SEC spokesperson John Nestor stated
|“||For several months the SEC and our fellow regulators have worked closely with all of the firms wishing to establish central counterparties.... We believe that CME should be in a position soon to provide us with the information necessary to allow the commission to take action on its exemptive requests.||”|
Other proposals to clear credit-default swaps have been made by NYSE Euronext, Eurex AG and LCH.Clearnet Ltd. Only the NYSE effort is available now for clearing after starting on Dec. 22. As of Jan. 30, no swaps had been cleared by the NYSE’s London- based derivatives exchange, according to NYSE Chief Executive Officer Duncan Niederauer. 
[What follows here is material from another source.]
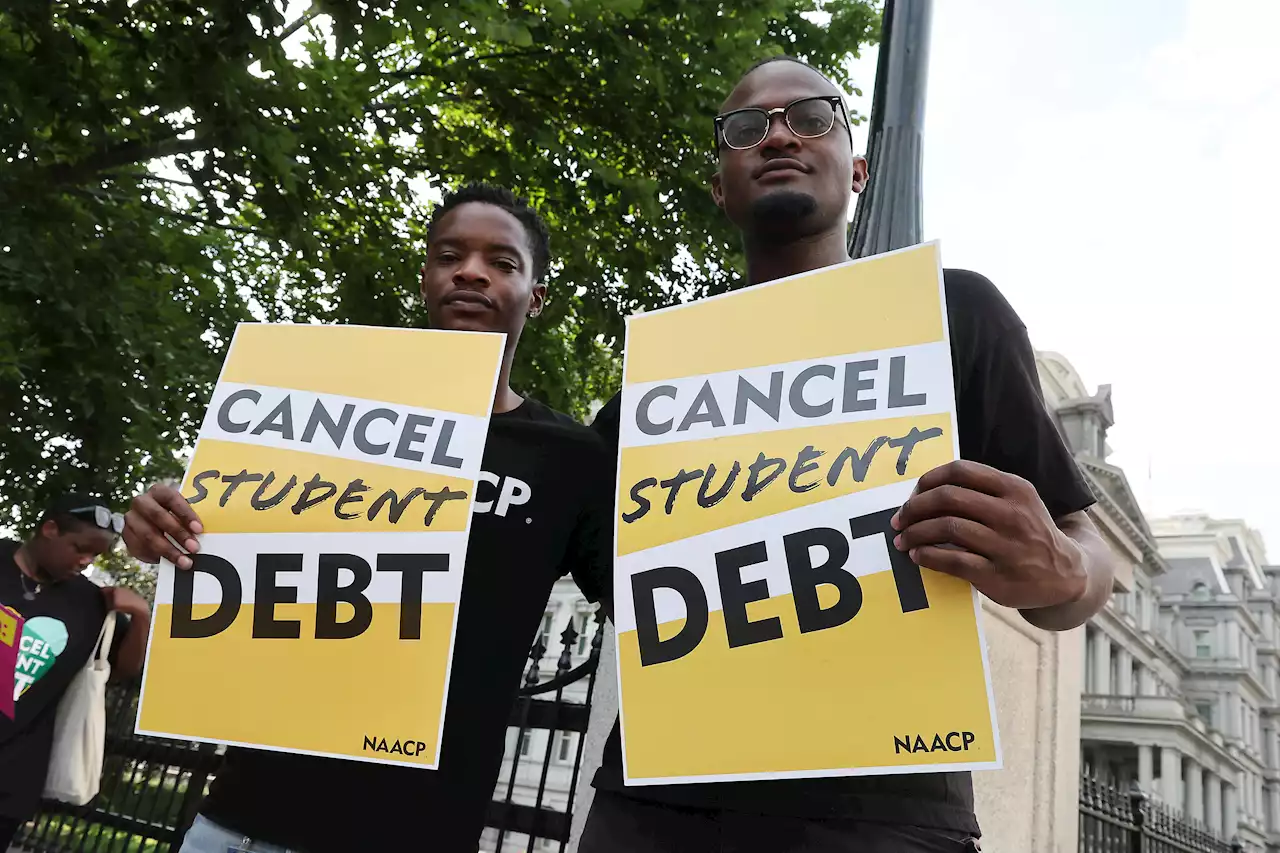 After Cancellation Plan, Democrats Look to Reduce Future Student Debt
Members of the Intercontinental clearinghouse will have to have a net worth of at least $5 billion and a credit rating of A or better to clear their credit-default swap trades. Intercontinental said in the statement today that all market participants such as hedge funds, banks or other institutions are open to become members of the clearinghouse as long as they meet these requirements.
A clearinghouse acts as the buyer to every seller and seller to every buyer, reducing the risk of a counterparty defaulting on a transaction. In the over-the-counter market, where credit- default swaps are currently traded, participants are exposed to each other in case of a default. A clearinghouse also provides one location for regulators to view traders’ positions and prices.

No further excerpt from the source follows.